Increasingly there are more opportunities for children to get online and connect with other people – at home, at school and through their mobile phones, tablets and games consoles.

Access to the internet can be of great benefit to your child by being a useful tool for things such as academic research, entertainment and connecting with friends and family.

However, as elements of the internet can be largely un-moderated, access can also pose a risk to your child.

It is important to be aware of the dangers and to know how to keep your child safe online.


You may feel your child knows more about the internet than you do and find the idea of using it yourself a bit daunting. To keep your child safe it’s important that you have an understanding of the internet, how your child uses it and the terminology used online.

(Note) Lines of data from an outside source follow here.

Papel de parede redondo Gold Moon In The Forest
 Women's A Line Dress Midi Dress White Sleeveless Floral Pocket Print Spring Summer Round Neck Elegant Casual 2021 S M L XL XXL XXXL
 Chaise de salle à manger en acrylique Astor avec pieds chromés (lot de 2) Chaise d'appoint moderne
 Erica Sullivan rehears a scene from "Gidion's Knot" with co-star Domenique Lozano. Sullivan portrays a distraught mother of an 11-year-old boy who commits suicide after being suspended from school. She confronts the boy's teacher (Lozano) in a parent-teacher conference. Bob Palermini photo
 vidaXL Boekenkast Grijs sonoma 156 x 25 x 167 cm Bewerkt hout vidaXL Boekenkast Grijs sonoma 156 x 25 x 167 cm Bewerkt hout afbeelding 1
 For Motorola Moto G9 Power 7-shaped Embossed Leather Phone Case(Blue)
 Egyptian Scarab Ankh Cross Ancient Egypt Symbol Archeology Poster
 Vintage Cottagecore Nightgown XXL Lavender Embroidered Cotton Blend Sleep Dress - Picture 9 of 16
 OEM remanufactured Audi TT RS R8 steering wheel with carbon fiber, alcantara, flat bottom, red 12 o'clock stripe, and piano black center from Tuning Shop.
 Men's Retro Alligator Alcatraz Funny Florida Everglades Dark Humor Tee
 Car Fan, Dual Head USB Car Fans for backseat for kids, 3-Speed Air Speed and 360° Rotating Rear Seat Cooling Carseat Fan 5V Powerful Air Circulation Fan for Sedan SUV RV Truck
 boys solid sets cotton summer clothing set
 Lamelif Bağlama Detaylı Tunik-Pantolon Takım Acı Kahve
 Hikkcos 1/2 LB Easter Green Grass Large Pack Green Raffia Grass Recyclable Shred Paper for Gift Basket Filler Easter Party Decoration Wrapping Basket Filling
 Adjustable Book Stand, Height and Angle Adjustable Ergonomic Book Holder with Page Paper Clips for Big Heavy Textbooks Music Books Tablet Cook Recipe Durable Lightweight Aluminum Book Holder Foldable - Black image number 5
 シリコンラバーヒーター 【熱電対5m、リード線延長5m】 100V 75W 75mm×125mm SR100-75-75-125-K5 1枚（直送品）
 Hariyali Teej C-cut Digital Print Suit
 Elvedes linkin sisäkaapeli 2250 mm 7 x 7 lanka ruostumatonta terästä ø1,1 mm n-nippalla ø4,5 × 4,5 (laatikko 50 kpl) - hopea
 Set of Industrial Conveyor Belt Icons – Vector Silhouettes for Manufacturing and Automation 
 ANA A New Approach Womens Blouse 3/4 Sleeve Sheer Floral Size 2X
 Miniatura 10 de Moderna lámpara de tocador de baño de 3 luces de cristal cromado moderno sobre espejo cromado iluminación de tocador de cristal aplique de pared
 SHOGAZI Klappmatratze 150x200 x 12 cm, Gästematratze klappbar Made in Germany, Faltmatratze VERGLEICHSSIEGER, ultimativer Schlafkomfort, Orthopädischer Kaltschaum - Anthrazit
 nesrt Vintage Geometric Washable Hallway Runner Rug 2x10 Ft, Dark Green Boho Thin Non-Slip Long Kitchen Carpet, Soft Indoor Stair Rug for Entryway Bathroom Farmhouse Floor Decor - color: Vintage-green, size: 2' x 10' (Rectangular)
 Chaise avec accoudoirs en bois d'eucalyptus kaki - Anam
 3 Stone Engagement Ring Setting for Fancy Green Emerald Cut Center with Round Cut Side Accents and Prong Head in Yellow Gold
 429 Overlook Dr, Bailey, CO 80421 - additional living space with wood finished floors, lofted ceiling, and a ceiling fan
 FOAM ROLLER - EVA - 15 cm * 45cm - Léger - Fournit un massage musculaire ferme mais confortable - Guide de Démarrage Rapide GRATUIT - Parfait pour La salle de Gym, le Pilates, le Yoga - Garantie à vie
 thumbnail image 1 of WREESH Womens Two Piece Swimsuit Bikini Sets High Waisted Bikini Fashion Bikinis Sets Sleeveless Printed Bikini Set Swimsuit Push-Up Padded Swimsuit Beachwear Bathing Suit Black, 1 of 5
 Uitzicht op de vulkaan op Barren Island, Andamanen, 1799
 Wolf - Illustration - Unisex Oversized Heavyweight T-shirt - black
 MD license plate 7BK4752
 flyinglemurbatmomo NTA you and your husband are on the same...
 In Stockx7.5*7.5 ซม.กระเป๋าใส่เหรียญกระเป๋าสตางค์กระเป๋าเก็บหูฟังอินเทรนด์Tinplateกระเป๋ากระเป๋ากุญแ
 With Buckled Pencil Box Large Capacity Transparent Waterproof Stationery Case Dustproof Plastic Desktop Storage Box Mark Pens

Social networking makes up a large part of young peoples internet usage. You should be aware of what sites they register a profile with and use. Common sites that are used include; Facebook, Twitter, Pinterest, Instagram,, Tumblr, Flickr, FourSquareand Google+. Most of these sites have a minimum usage age of 13.

All have security and privacy settings that should be set to ensure the safety of the user.


Most mobile phones, tablets and portable computing devices have the ability to connect to the internet not only via a WiFi or wired connection, but also through a mobile data signal such as 3G.

As mobile devices are smaller, more personal and easier to conceal and access, as well as general internet safety advice, it’s important that you:

  • Are aware of the type of devices your child has and the levels of internet access they can provide
  • The applications (or apps) that are installed on the device and what they can do
  • All passcodes and passwords associated with the device so that you are able to access it
  • Understand how easy it is to take and share photos or videos that are unlikely to be able to be deleted after they are shared
  • Monitor your child’s usage and who they are talking to


Accessing the internet and using mobile phones can put children at risk of:

  • Seeing disturbing information or images
  • Being the victim of online bullying (also known as cyberbullying)
  • Being contacted and manipulated by an adult for sexual purposes (also known as grooming)
  • Sharing personal and identifying information with strangers
  • Sending or receiving sexually explicit films, images or messages of themselves or others (this can be known as sexting when sent by mobile phone)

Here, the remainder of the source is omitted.